__Work to be completed__
Please set down exactly the lines of the listing below from the line containing "Valentín de madera" through the line containing "Usata Mercedes X350", both lines included, leaving out all other lines.
+++ Given information +++
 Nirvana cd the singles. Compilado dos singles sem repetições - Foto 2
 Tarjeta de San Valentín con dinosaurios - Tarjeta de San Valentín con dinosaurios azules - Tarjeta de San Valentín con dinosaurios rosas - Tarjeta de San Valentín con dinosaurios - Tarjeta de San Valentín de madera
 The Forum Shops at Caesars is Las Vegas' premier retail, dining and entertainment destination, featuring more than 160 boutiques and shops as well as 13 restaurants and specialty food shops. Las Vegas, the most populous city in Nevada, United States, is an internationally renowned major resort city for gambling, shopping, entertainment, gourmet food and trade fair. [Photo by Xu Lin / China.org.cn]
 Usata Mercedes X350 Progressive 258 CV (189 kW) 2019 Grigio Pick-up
+++
+++ Given information +++
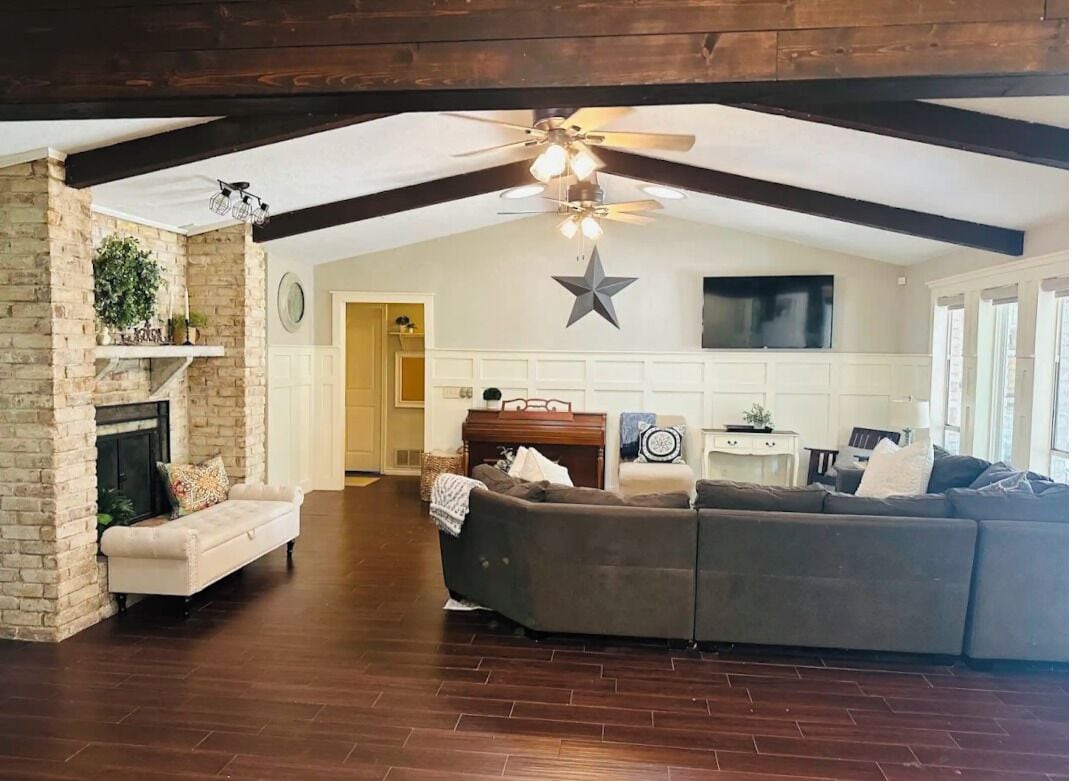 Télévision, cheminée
+++
+++ Given information +++
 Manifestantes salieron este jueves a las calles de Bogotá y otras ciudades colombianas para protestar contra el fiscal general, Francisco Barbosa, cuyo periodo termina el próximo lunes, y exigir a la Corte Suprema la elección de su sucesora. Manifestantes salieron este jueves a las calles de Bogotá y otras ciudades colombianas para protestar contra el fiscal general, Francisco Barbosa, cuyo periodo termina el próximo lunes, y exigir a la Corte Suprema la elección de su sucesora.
+++
__Final answer__
 Tarjeta de San Valentín con dinosaurios - Tarjeta de San Valentín con dinosaurios azules - Tarjeta de San Valentín con dinosaurios rosas - Tarjeta de San Valentín con dinosaurios - Tarjeta de San Valentín de madera
 The Forum Shops at Caesars is Las Vegas' premier retail, dining and entertainment destination, featuring more than 160 boutiques and shops as well as 13 restaurants and specialty food shops. Las Vegas, the most populous city in Nevada, United States, is an internationally renowned major resort city for gambling, shopping, entertainment, gourmet food and trade fair. [Photo by Xu Lin / China.org.cn]
 Usata Mercedes X350 Progressive 258 CV (189 kW) 2019 Grigio Pick-up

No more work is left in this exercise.